# Teaching Ordered Pairs Using Technology

Technology can help you teach math more efficiently. Too often students engage in paper and pencil tasks when they could be actively engaged with math concepts.

Recently, I observed a middle school math lesson. Students were sitting quietly, following the directions of the teacher. They were drawing a coordinate grid on a piece of graph paper. It took 15 laborious minutes for the completion of this one coordinate grid.
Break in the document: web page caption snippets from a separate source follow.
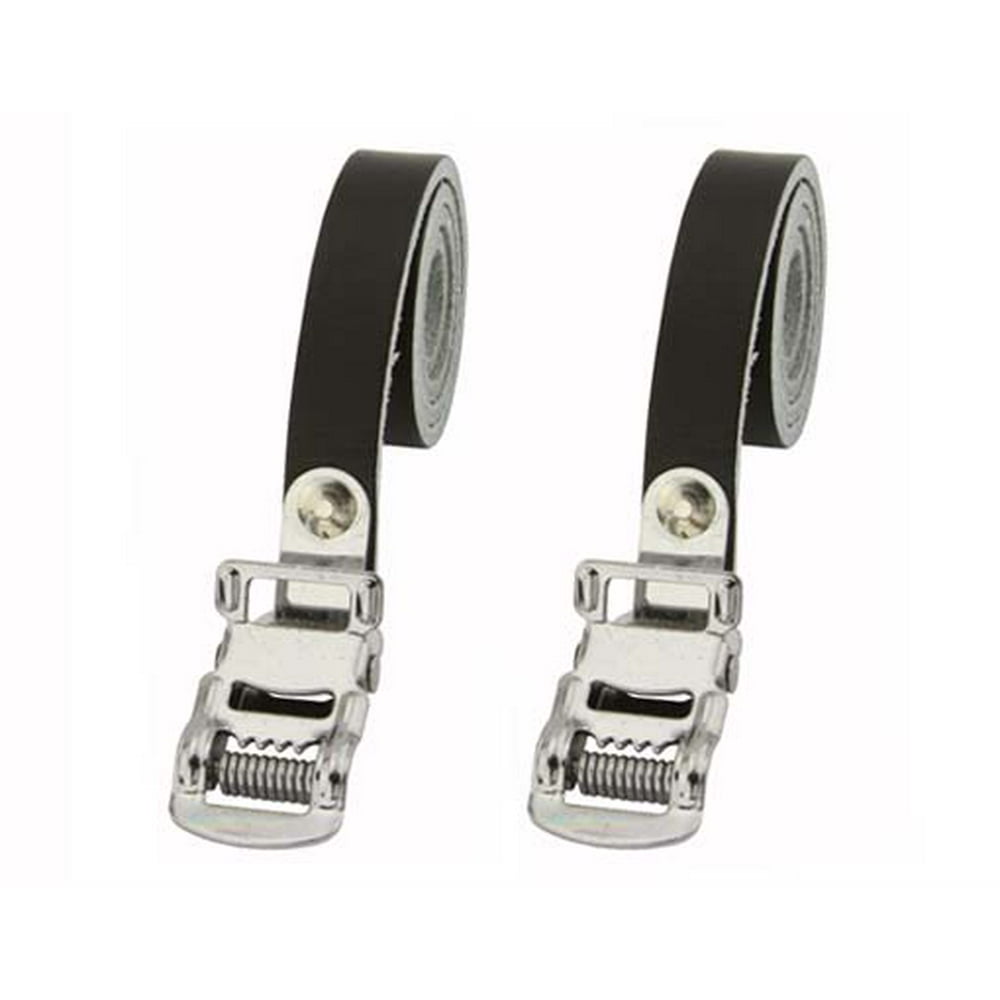 Leather Toe Straps Black. Bike pedal strap, bicycle pedal strap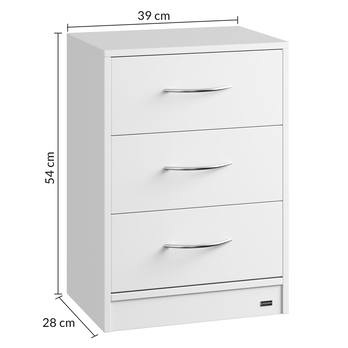 Nočný stolík LUISE 4 biela, 2 ks 4
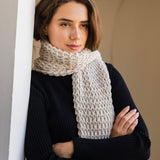 Snow Knit Scarf- Beige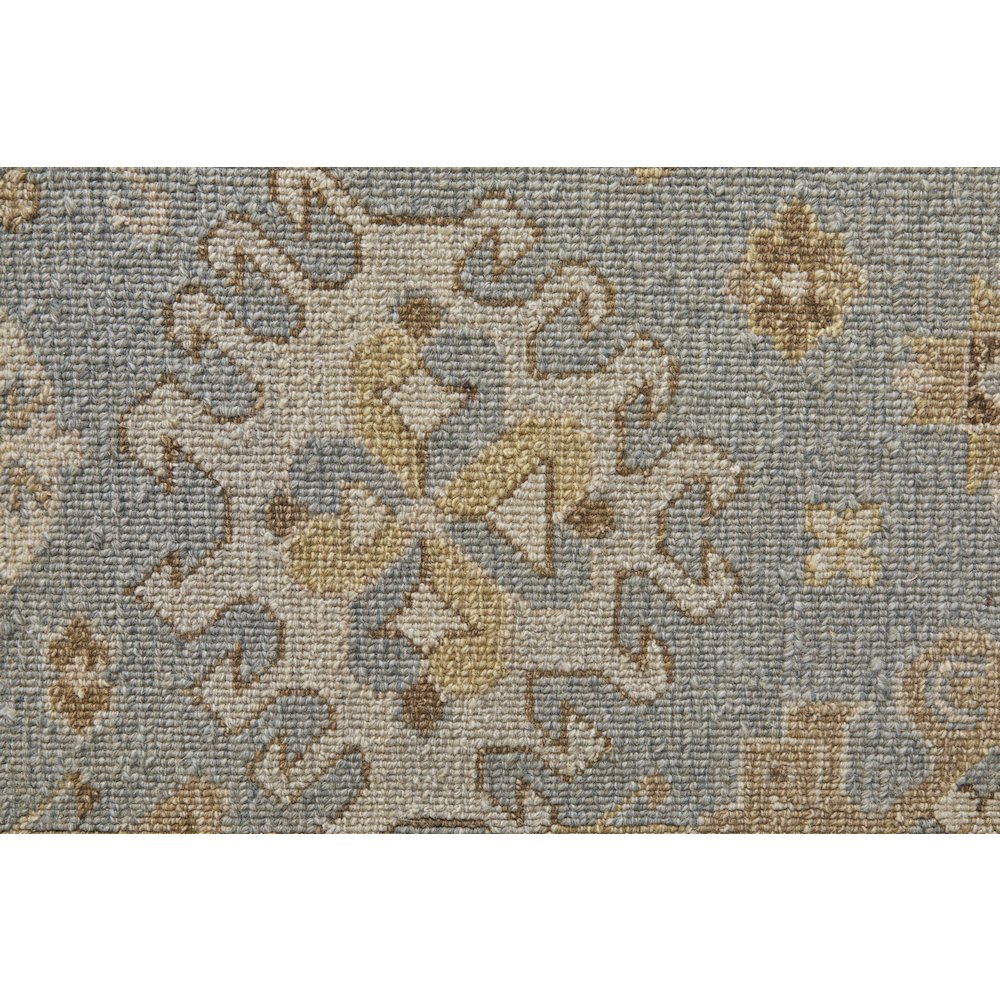 Corbitt Traditional Oriental, Blue/Gray/Ivory, 7'-9" x 9'-9" Area Rug. Picture 6
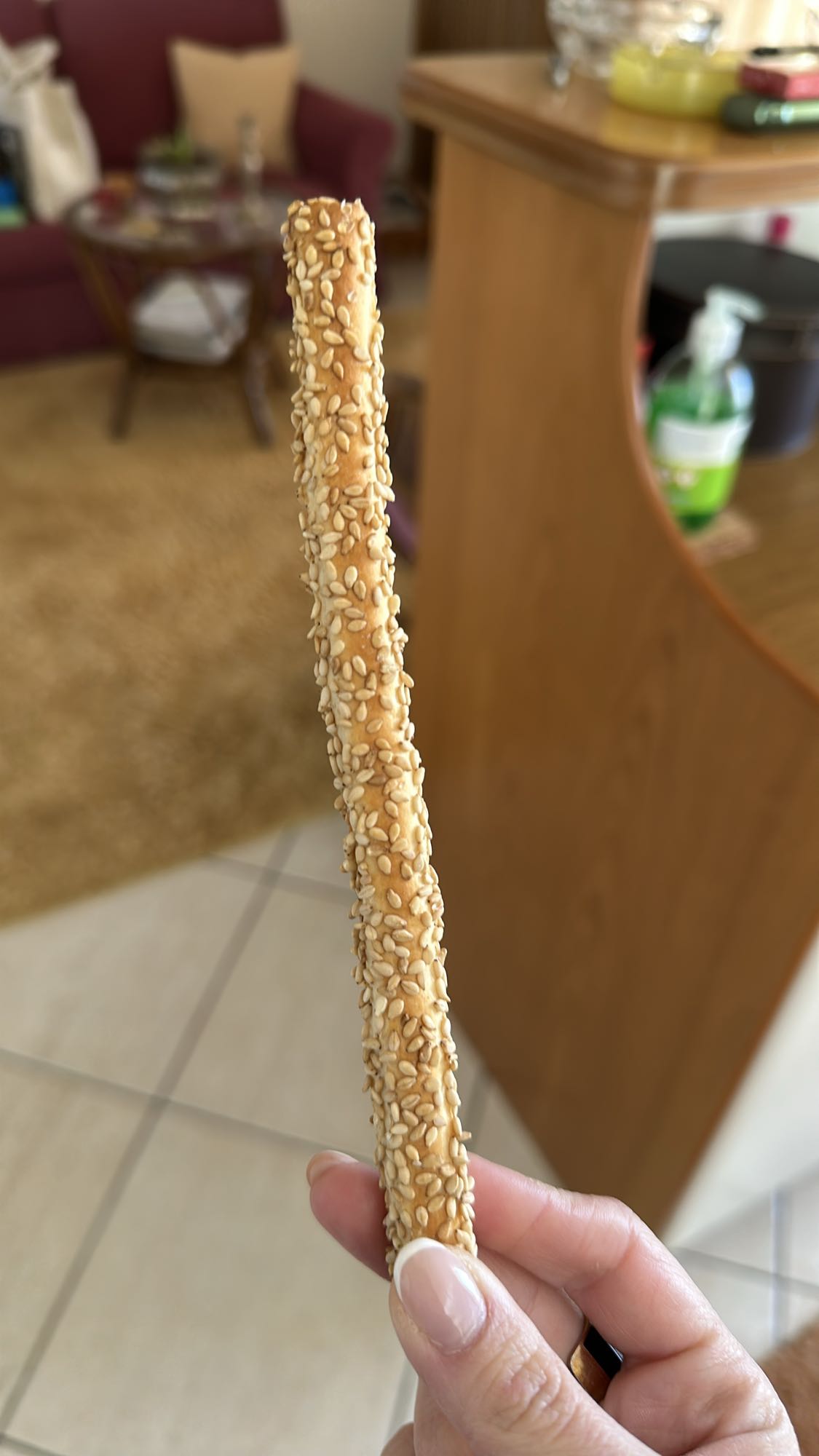 Κριτσίνι με σουσάμι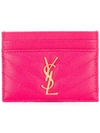 SAINT LAURENT MONOGRAM CARDHOLDER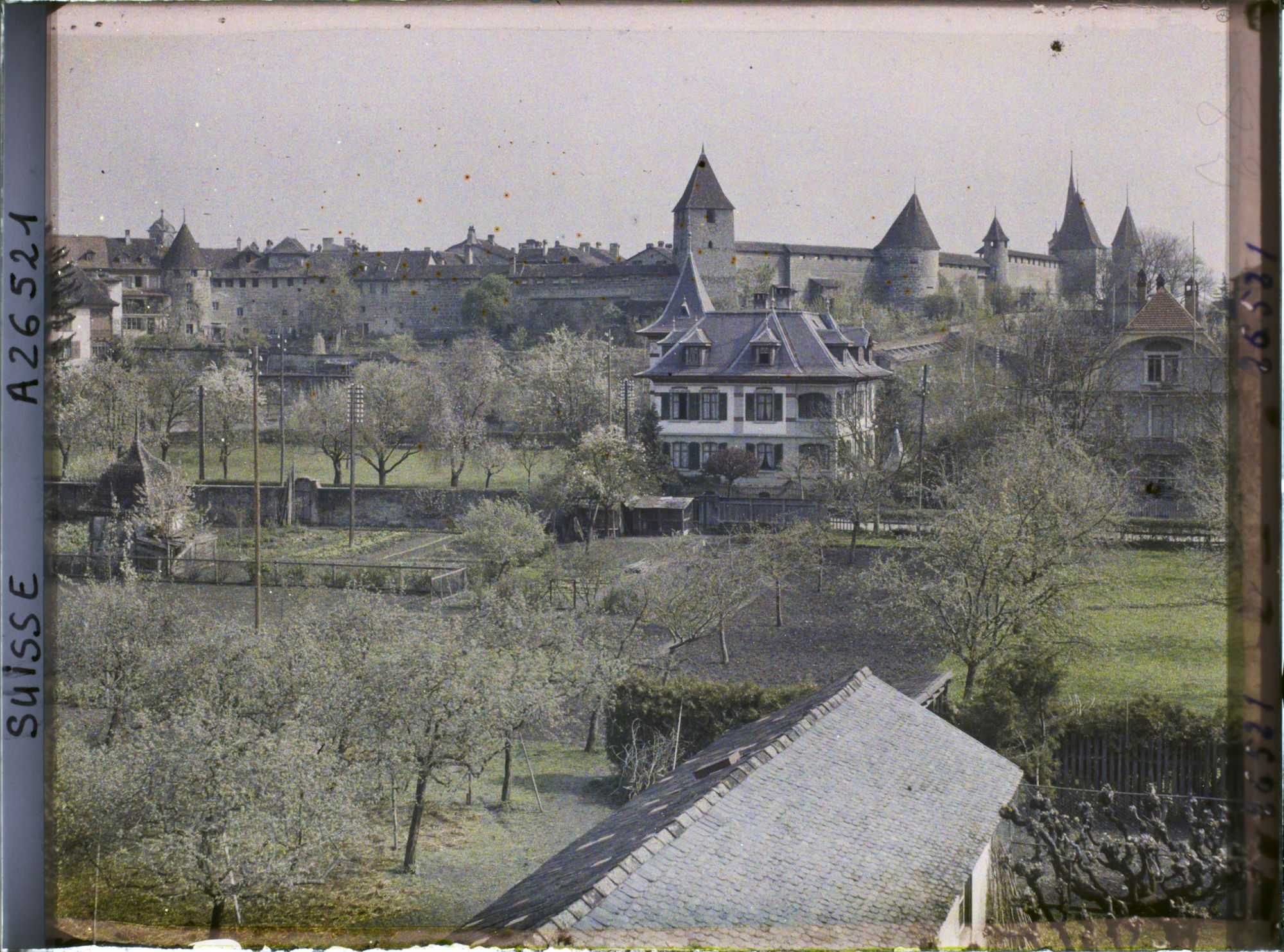 Image représentant Panorama sur la ville de Morat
Here are the steps they took:

• At first, students were confused on the direction their paper should be in…..horizontally or vertically (the teacher did give directions about this).
• Then students were meticulously counting the number of squares on the graph paper to find the exact middle (both horizontally and vertically) in order to draw the x- and y-axes.
• The teacher needed to work with many students in order to correct the placement of the axes… the counting took place again.
• Once the grids were finally set up, students began plotting ordered pairs.
• The last step of this “activity” was to connect the ordered pairs to find out what picture resulted.

The purpose of this activity was to practice locating points on a coordinate grid (as a review to get ready for work with scatter plots and transformation of shapes). But, why spend 15 minutes drawing one coordinate grid and then using paper and pencil to locate the ordered pairs? What’s the better alternative?

Many teachers might say, “Well, just print out the graph paper with the coordinate grid already drawn”.

Yes, this will save time, but when you really think about it, does this solution allow for maximizing instructional time with meaningful activities and learning?

Take a look at these options:

December Lites using the TI-73 Graphing Calculator

In this activity, students will graph ordered pairs in order to create a picture of a candle. I particularly like the activity because of its connection to the timeless connect-the-dots activities so beloved of younger children! But, here, technology, through the use of a TI-73 graphing calculator, enhances the experience. Once created, students are then challenged to recreate the picture by changing the ‘rule’ of the ordered pairs.

Teaching Coordinate Graphing with Microsoft Excel

This lesson plan idea provides teachers a way to use technology to create meaningful activities that connect to the real world. Step-by-step directions are given on how to import an outline of a state (or country) map into an Excel spreadsheet that serves as a coordinate grid. Student can be asked to identify certain map features or draw in features using coordinate locations.

And for something cute…

Catch the Fly

Flies move along a coordinate grid and settle down in one location. Students identify the fly’s location and when correct, a frog releases his tongue to capture the fly.

Locate the Aliens

Students have 90 seconds to locate as many aliens as possible on Planet Algebra.